The short answer, of course, is no, based on the principle of “sovereign immunity.”
That is the legal doctine affirming that the government cannot be sued, unless it agrees to be sued. In the United States, federal, state, and local governments have been known to waive their right to sovereign immunity, but only occasionally, and generally only in cases that involve “torts,” civil wrongs that entitle a victim to money damages.
No surprise here, but the evidence is that no part of our government — state, federal, or local — has any intention of accepting liability for the effects of Katrina on the people of the Gulf Coast.
Herbert Freeman, Jr., learned that legal lesson the hard way. Freeman is the New Orleans resident whose story is featured prominently in When the Levees Broke. It was his 91-year-old, wheelchair-bound mother, Ethel, who became a symbol of government neglect when she died on September 1, 2005, at the Ernest N. Morial Convention Center while waiting in vain to be rescued.
Freeman later filed two lawsuits – one against the federal government and FEMA, and another against the city of New Orleans and the state of Louisiana, charging “gross negligence and willful misconduct” leading directly to his mother’s death.
Last May, U.S. District Court Judge Jay Zainey dismissed Freeman’s federal case. In September, Orleans Parish Civil District Judge Robin Giarrusso dismissed the state court case. Earlier this month, an appeals court upheld that decision, arguing that as a general principle, the state enjoys immunity from liability unless defendants can show “willfull misconduct.” The 4th Circuit Court of Appeals ruled 4-1 that Freeman was unable to prove such misconduct.

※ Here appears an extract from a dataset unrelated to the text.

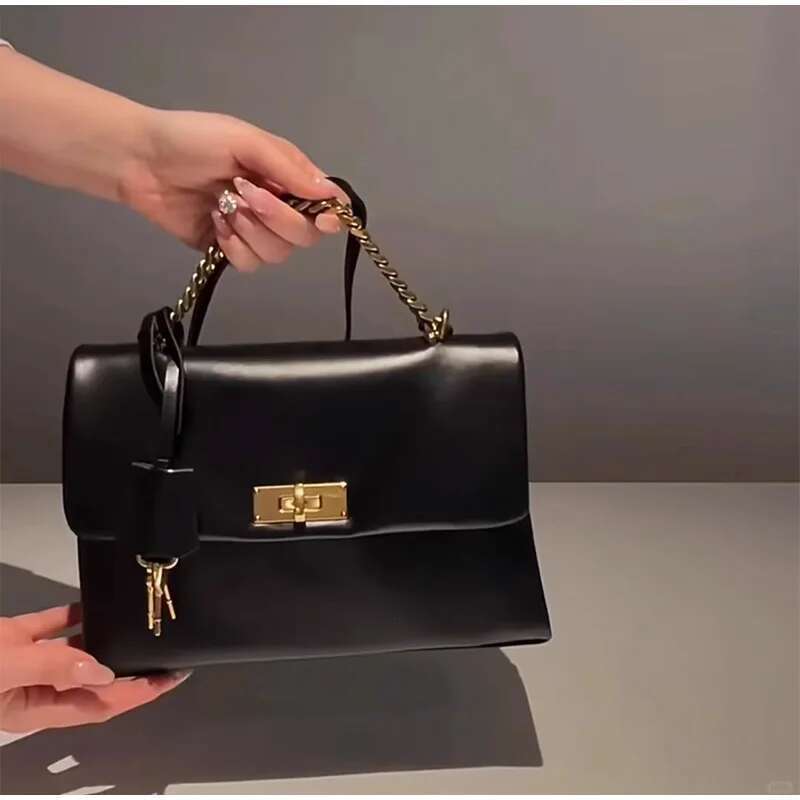 Brand Design Crossbody Messenger Women's Sweet Style Pink Small Square Bag New Fashionable All-Match Lock Handbag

“The court is very sympathetic to the plaintiffs for the loss of their loved ones,” Judge Zainey wrote. “However, this court is prohibited from changing the laws that Congress has enacted. As such, the court lacks the authority to award money damages for the claims in which the plaintiffs are not legally entitled.”

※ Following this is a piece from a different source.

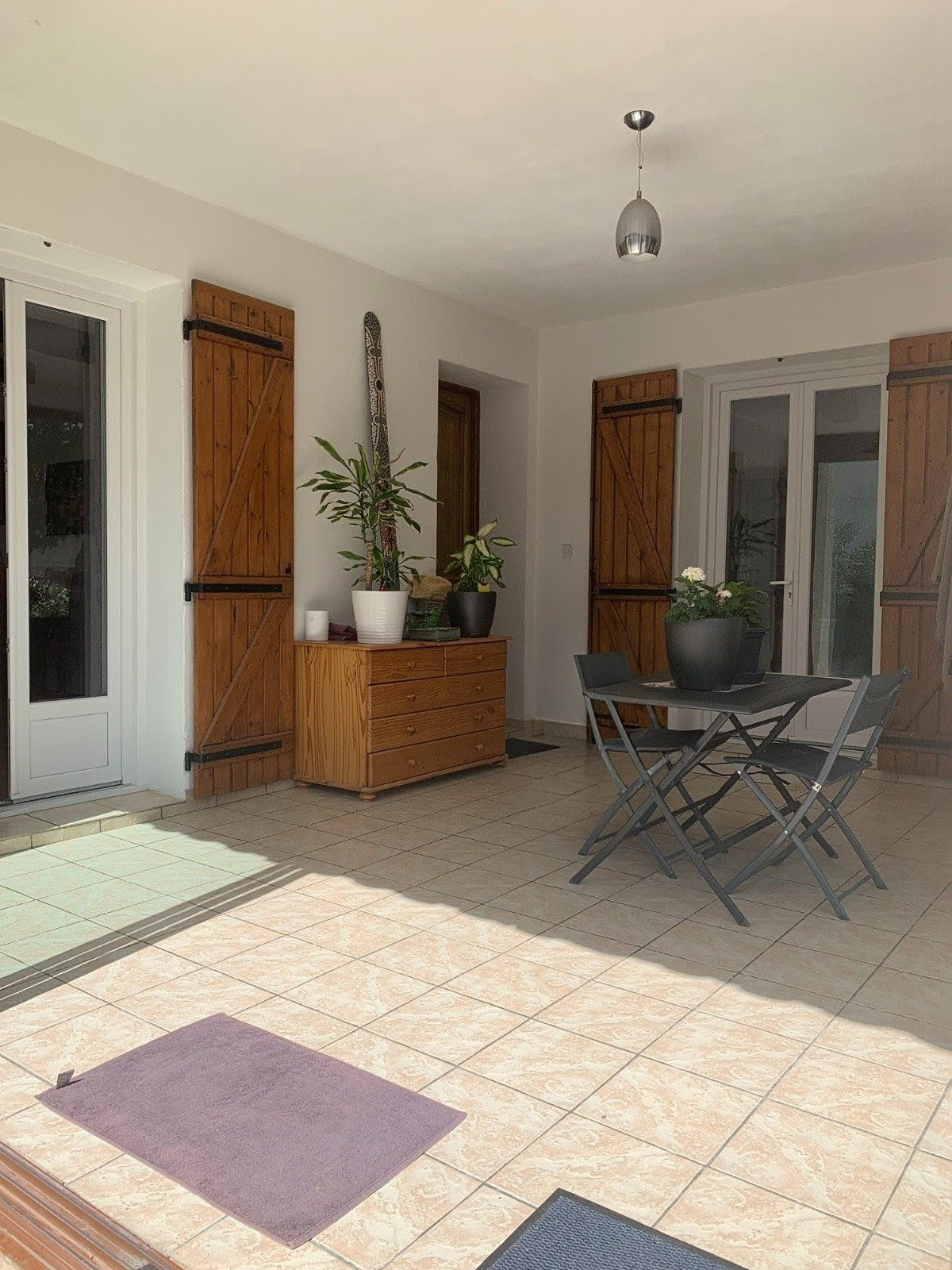 A family property with multiple possibilities, where comfort, space and independence meet... near Avignon and Nîmes 4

In an unrelated case, another federal judge in January dismissed a class action lawsuit against the Army Corps of Engineers. Judge Stanwood R. Duval, Jr., ruled that the agency is immune from prosecution against failures of flood control projects under the Flood Control Act of 1928. (Interestingly enough, apparently the Corps is not immune if the failure involves a drainage or navigation project. In a separate ruling in February, 2007, Judge Duval allowed a Katrina damage suit involving the Mississippi River-Gulf Outlet (known as “Mr. Go”), labeling that waterway a “navigation channel” and not a “flood control project.”)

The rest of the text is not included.